There are few books that shorthand themselves so readily as Emily Bronte’s 1847 novel, Wuthering Heights. Windswept moors, doomed lovers, youthful angst. A passionate, yearning love for the ages. It’s an easy sell. But Bronte’s multi-generational saga presents several challenges to the film-maker who wants to adapt it for the big screen. Its complex structure; it has not one but two (highly) unreliable narrators, and when adapting the book in full would mean your film’s running time would be 5 hours long, where do you start making cuts?
It is interesting to note that no Wuthering Heights film, and there have been many, has adapted Bronte’s novel from start to finish. Every cinematic outing has been, to a greater or lesser extent, a compromise. When director and screenwriter Emerald Fennell announced that her film would be based on her memories of reading the book when she was 14 years old, internet speculation on the project went into overdrive.
In theory, there is logic behind this decision. Concentrating on the relationship between Heathcliff and Cathy, Fennell would be directly appealing to an audience who loves story in broad strokes (think of James Cameron’s Titanic). But nostalgia’s a funny thing. What delights us at 14, can take on a different hue altogether in adulthood. In ignoring an entire chunk of the novel, where Wuthering Heights explores themes of abuse, cruelty and revenge, Fennell’s edit becomes less about screen time, and more about presenting Bronte’s novel not in its complexity, but as a single note.

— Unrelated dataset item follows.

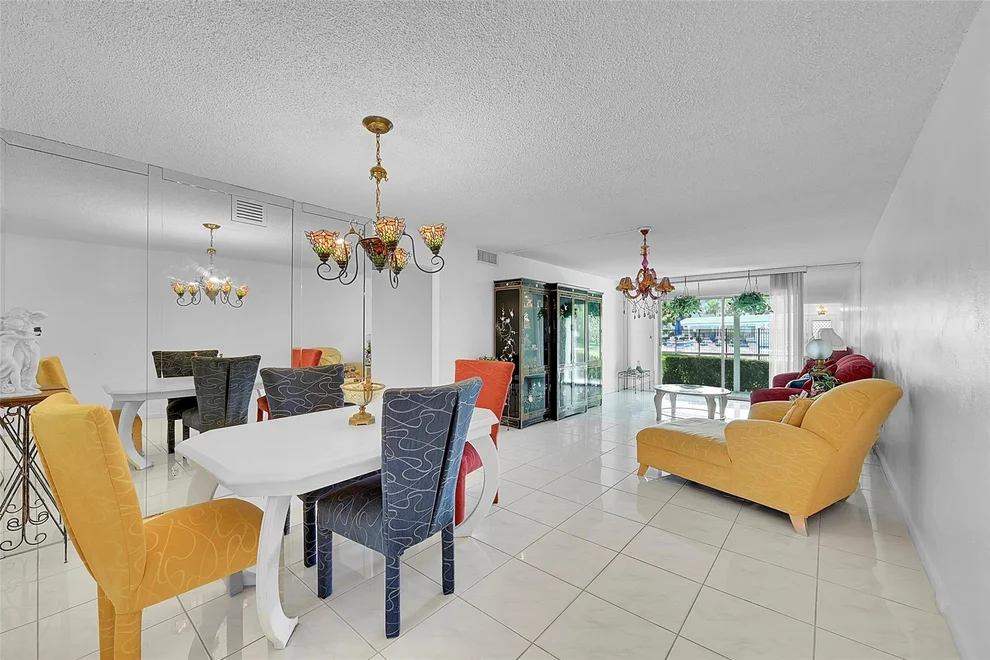 Unit for sale at 3002 Portofino Isle, Coconut Creek, FL 33066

The first controversy came when the casting choices were announced: Jacob Elordi as Heathcliff and Margot Robbie as Cathy. Again, there is logic at work here: 14 year old girls LOVE Jacob Elordi. But what jumps out, in even a casual reading of Emily Bronte’s novel, is that Heathcliff is explicitly referred to as “dark-skinned”. Readers and academics have tussled over this phrase: some have interpreted it to mean that Heathcliff, whose origins are kept obscure, came from a Spanish or Italian background. Others posit that he was possibly of African or even Indian descent. The accusation of “white-washing” is a fair one, but Fennell would not be the first director to overlook this rather crucial detail. Previous Heathcliffs include Laurence Olivier, Ralph Fiennes and Tom Hardy. The last adaptation to really dig into the racial abuse heaped on Bronte’s leading man was Andrea Arnold’s 2011 film, where actor James Howson was cast as Heathcliff. When played by a Black actor, the expulsion of Heathcliff from the family home, to work in the stables when Cathy’s father dies, becomes charged with deeper meaning.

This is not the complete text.